The Front Room, Assembly Rooms, Edinburgh

The last time we saw Alison Skilbeck, she was playing the role of Mrs Roosevelt in the comparative luxury of Studio 5, George Square. This year she’s appearing in The Assembly’s Front Room, a converted shipping container, but – as ever – she gives the performance her all, and we might as well be in a park somewhere in London, where the piece is set.

We first saw a Skilbeck performance back in 2017 (The Power of the Crone) and we’ve made a point of tracking her shows ever since, always interested to see where she’ll go next. The delightful thing is that we never really know what we’re going to get.

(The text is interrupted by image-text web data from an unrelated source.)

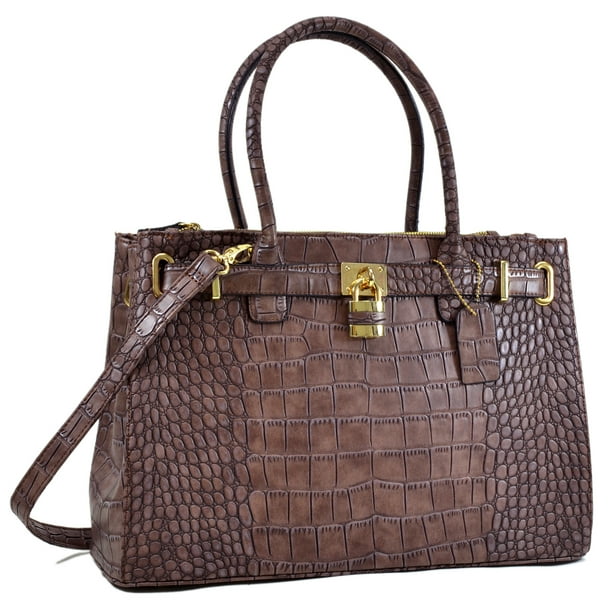 Women Faux Croco Embossed Leather Padlock Handbag - Walmart.com ...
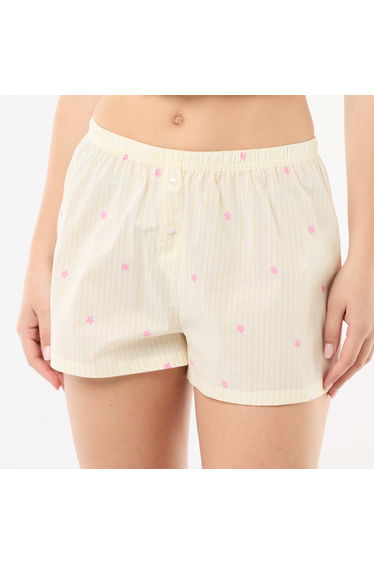 Striped All-Over Print Elasticated Shorts YELLOW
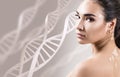 Young sensual woman with vitiligo in DNA chains. Royalty Free Stock Photo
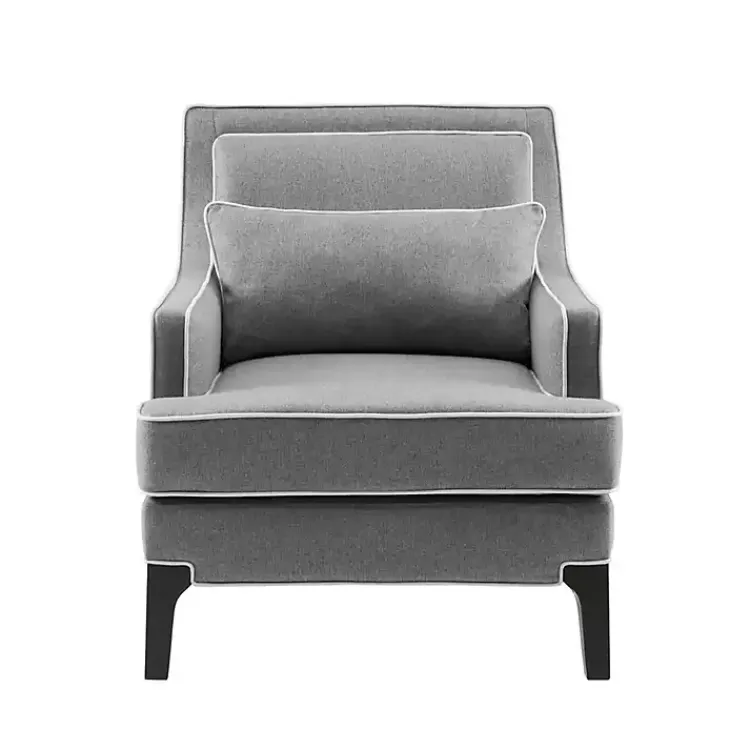 Kirklands Home Accent Chairs|and Ivory Trim Upholstered Armchair Gray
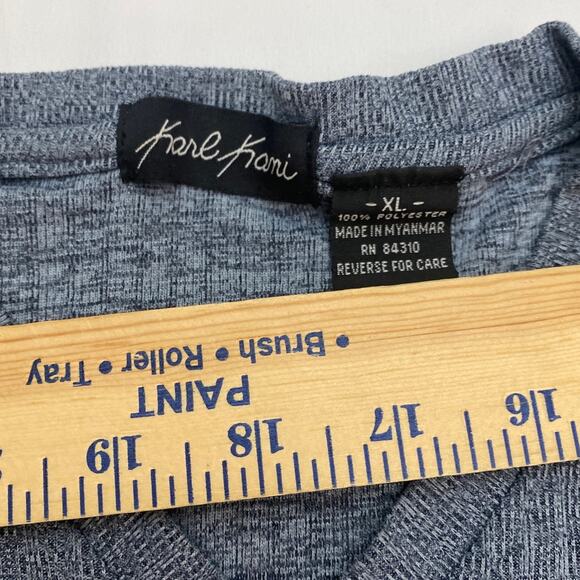 Vintage KARL KANI Soft T-shirt Gray V Neck Rap Tee Size XL  Embroidered 90s Logo - Picture 10 of 11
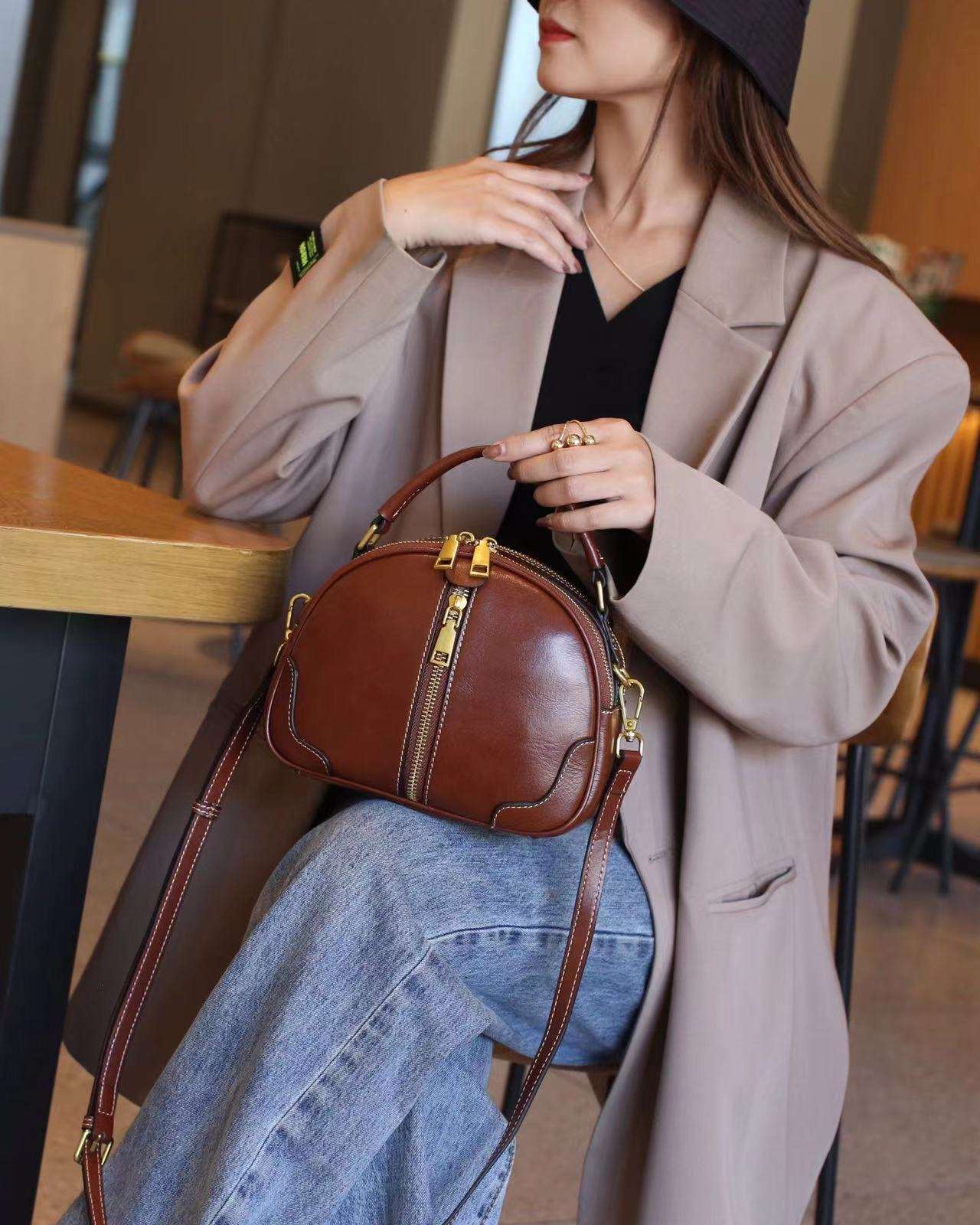 Elegant Genuine Leather Women's Fashion Handbag - woyaza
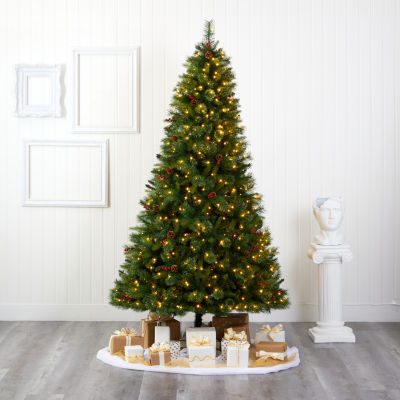 Nearly Natural Aberdeen Faux 8 Foot Pre-Lit Spruce Christmas Tree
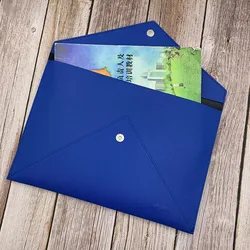Custom WaterproofA4 PU File Folder Document Bag With Button Flap For Promotion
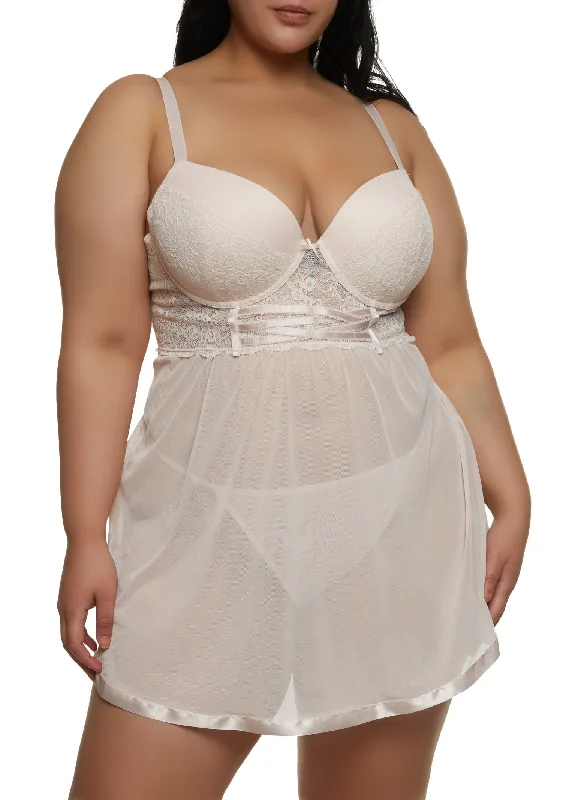 Plus Size Floral Lace Keyhole Back Babydoll and G String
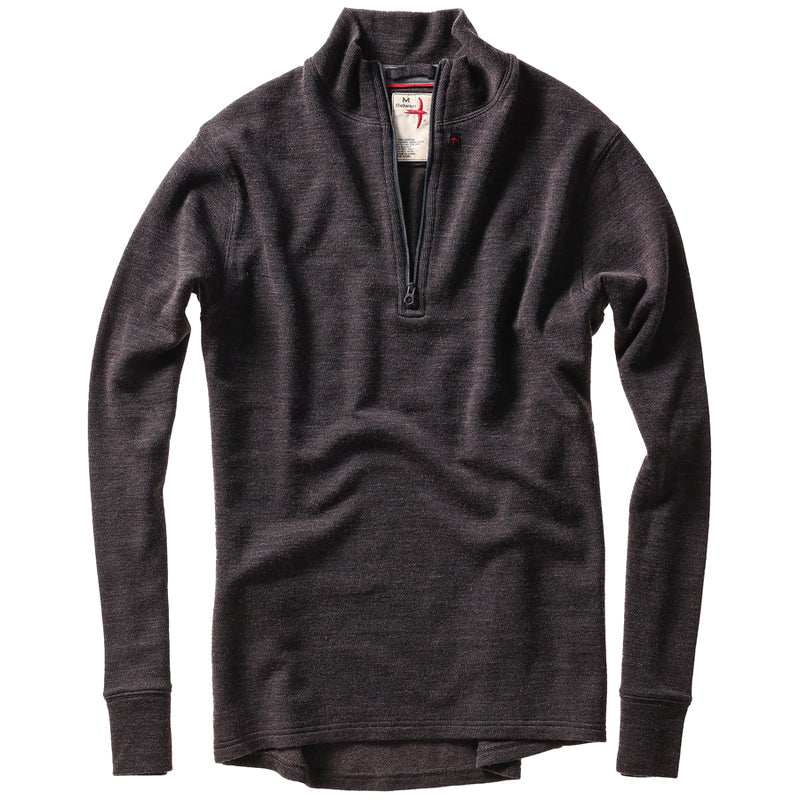 Charcoal /Brown Heather Wool / Cotton Quarter-Zip by Relwen
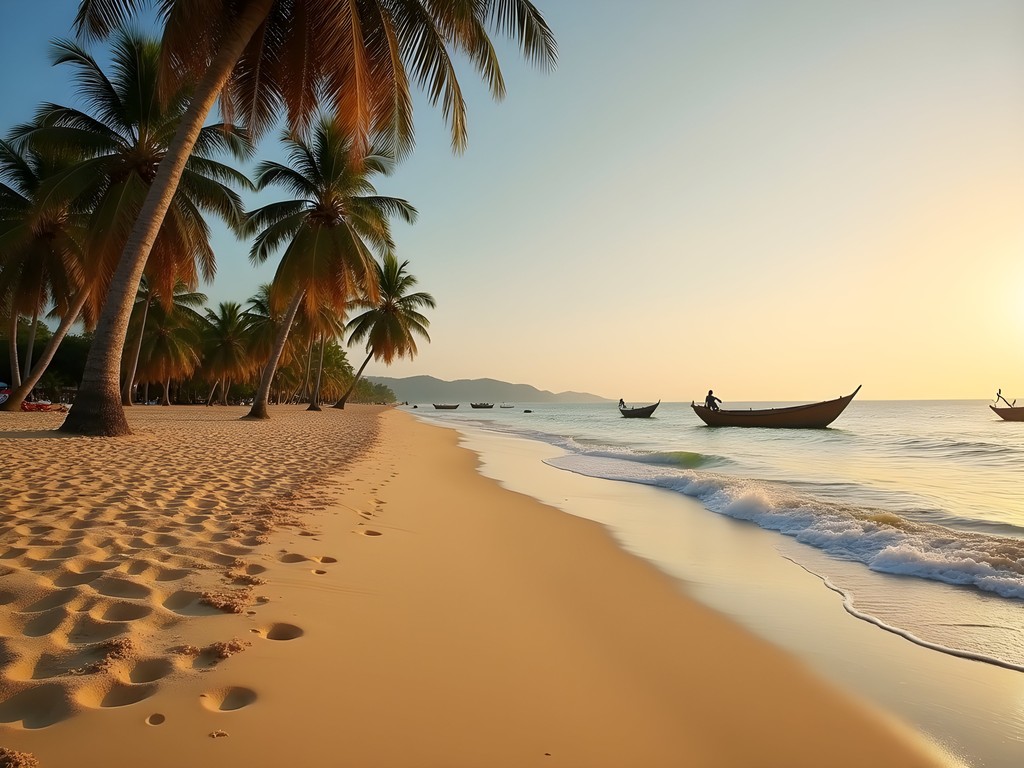 Expansive golden sand beach at Shela Village on Lamu Island with traditional dhows in distance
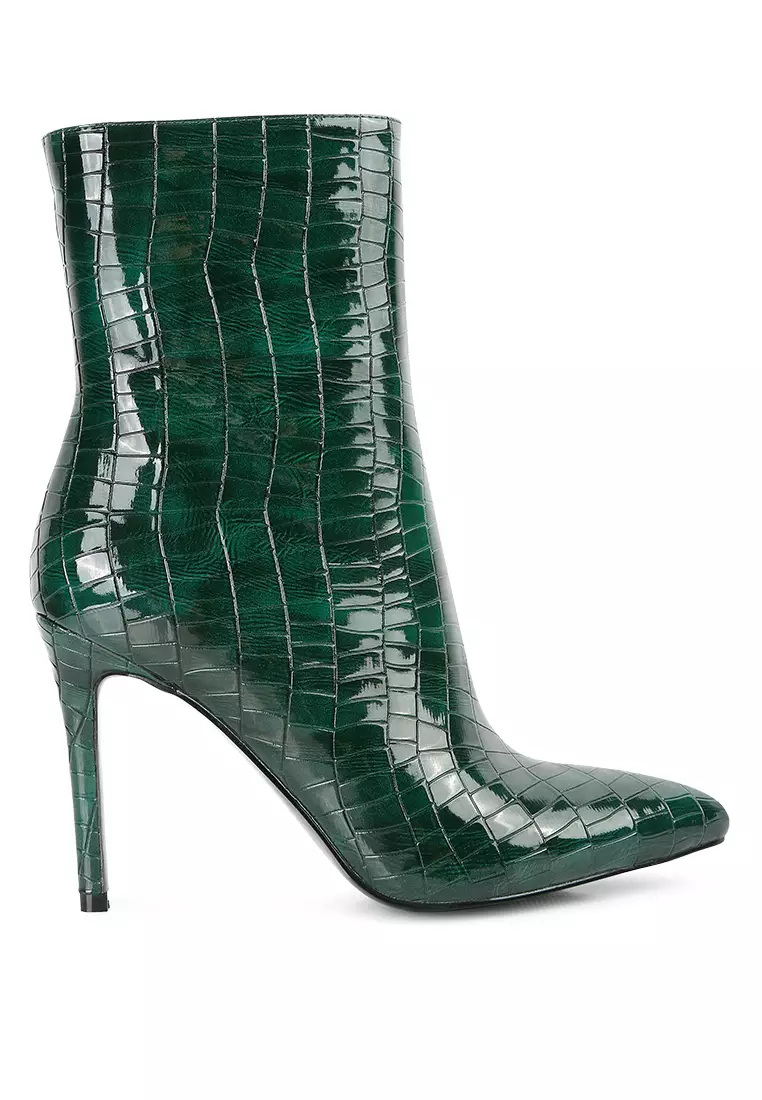 London Rag Dark Green Patent PU High Heeled Ankle Boot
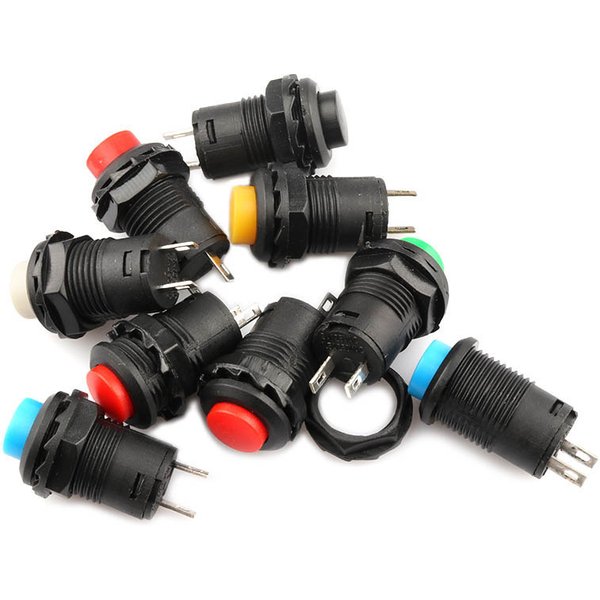 6 pièces interrupteurs à bouton-poussoir auto-verrouillage/momentané DS427 DS428 12mm interrupteur à bouton-poussoir OFF-ON 3A /125VAC 1.5A/250VAC DS-427 DS-428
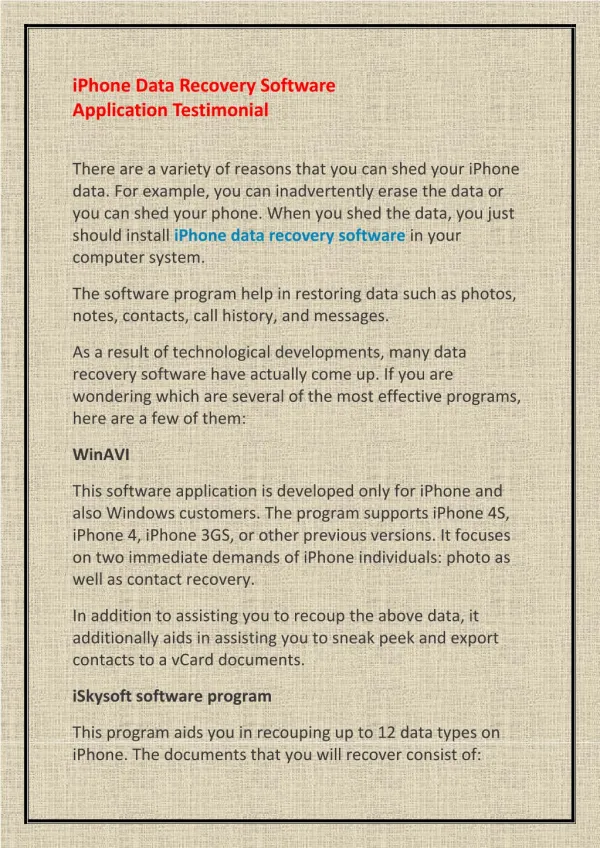 iPhone Data Recovery Software Application Testimonial –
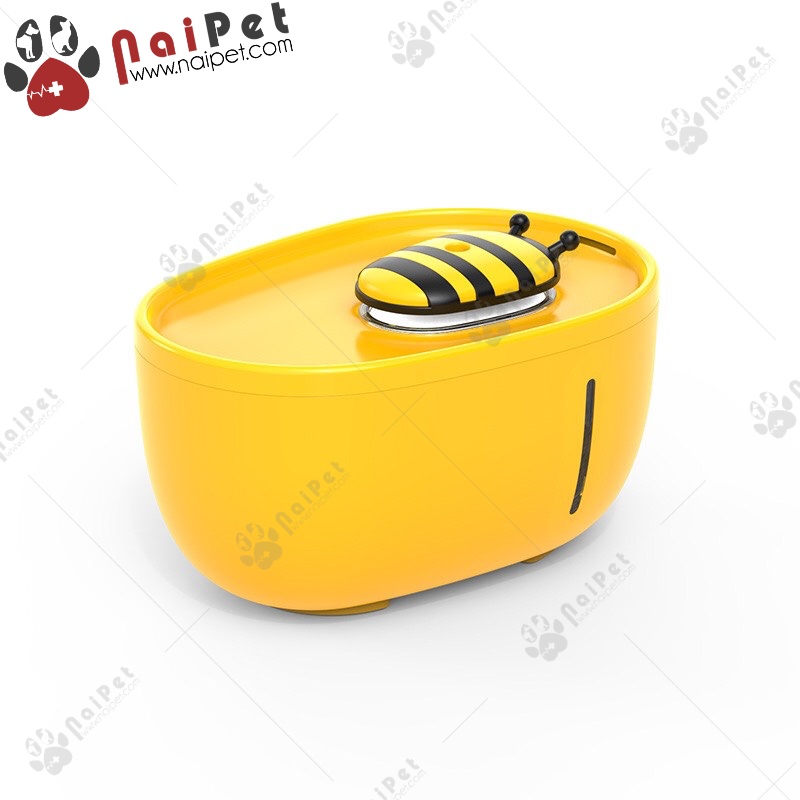 Máy Uống Nước Phun Và Lọc Tự Động Hình Ong Vàng Cho Chó Mèo Honey Bee Water Fountain 2.0 Lít MLN003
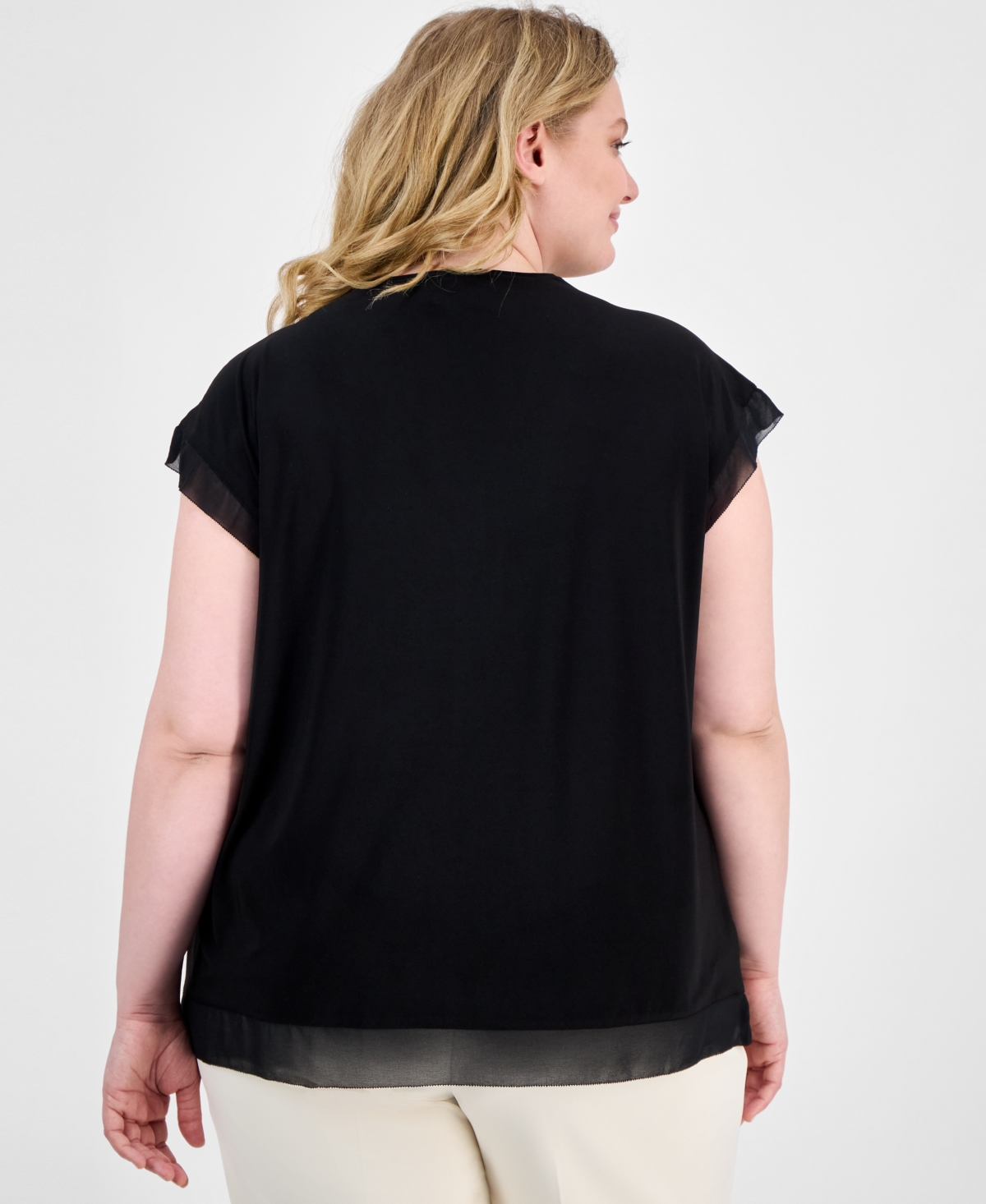 Anne Klein Plus Size V-neck Mixed-media Box-pleat Top In Anne Black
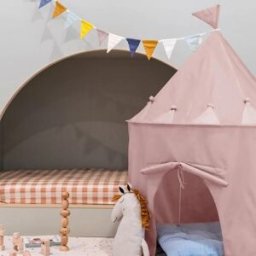 3 sprouts Tente en tissu recyclé Uni rose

This year, she performs a collection of self-written monologues, set during lockdown. It features five human characters and one that … well, I don’t want to give too much away. As ever, she does that thing she always does, putting on a hat or a pair of fairy wings and suddenly inhabiting the character the item belongs to. These characters are not all female and they range from childhood to old age, but there’s something that interlinks them all, something we’re not fully aware of until the conclusion.

It’s a lovely piece of writing, gentle and lyrical, which captures the nuances of everyday speech with considerable skill, and an hour and ten minutes slips easily by. Along the way we are given some thoughtful insights into the human condition through the words of strangers we somehow end up caring about.

If this sounds like your cup of tea, it’s all waiting for you in a tin box on George Street.